» **Task description**
Using the records below, output the stretch that opens with the line containing "Athleta Mustard Yellow" and closes with the line containing "CPA Paris Inondé", exactly and including both lines, with nothing more.

» **The data**
>>
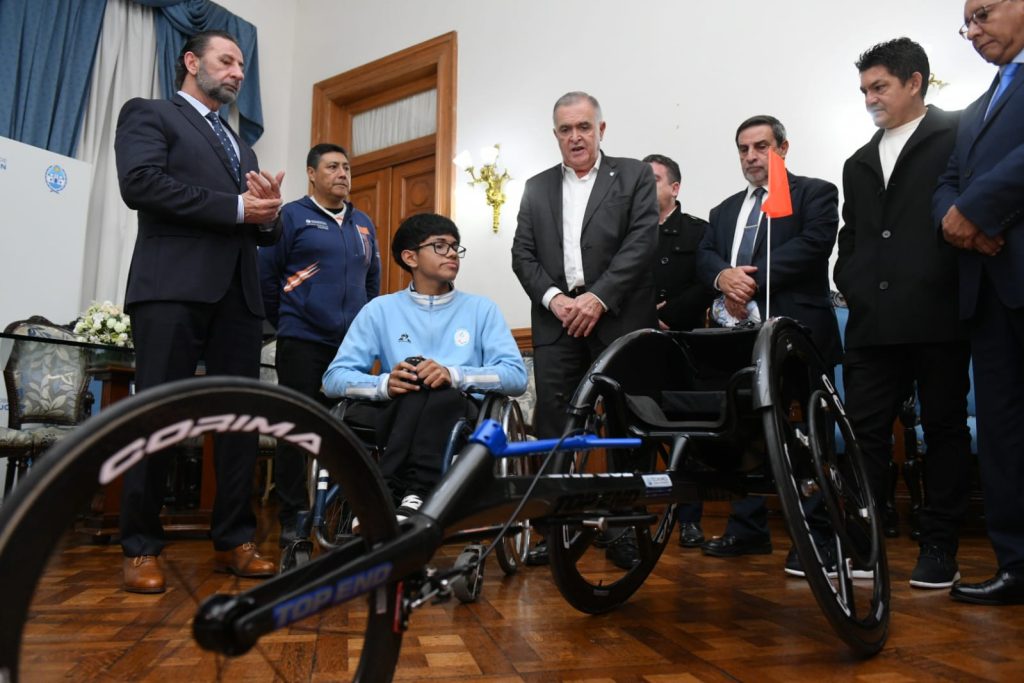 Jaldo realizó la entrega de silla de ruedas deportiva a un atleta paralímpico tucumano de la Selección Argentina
<<
>>
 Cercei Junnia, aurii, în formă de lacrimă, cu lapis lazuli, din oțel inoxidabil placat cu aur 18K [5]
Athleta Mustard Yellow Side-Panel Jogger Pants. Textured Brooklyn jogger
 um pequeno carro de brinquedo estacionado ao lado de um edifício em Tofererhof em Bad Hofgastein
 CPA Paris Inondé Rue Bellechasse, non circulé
<<
» **Reply**
Athleta Mustard Yellow Side-Panel Jogger Pants. Textured Brooklyn jogger
 um pequeno carro de brinquedo estacionado ao lado de um edifício em Tofererhof em Bad Hofgastein
 CPA Paris Inondé Rue Bellechasse, non circulé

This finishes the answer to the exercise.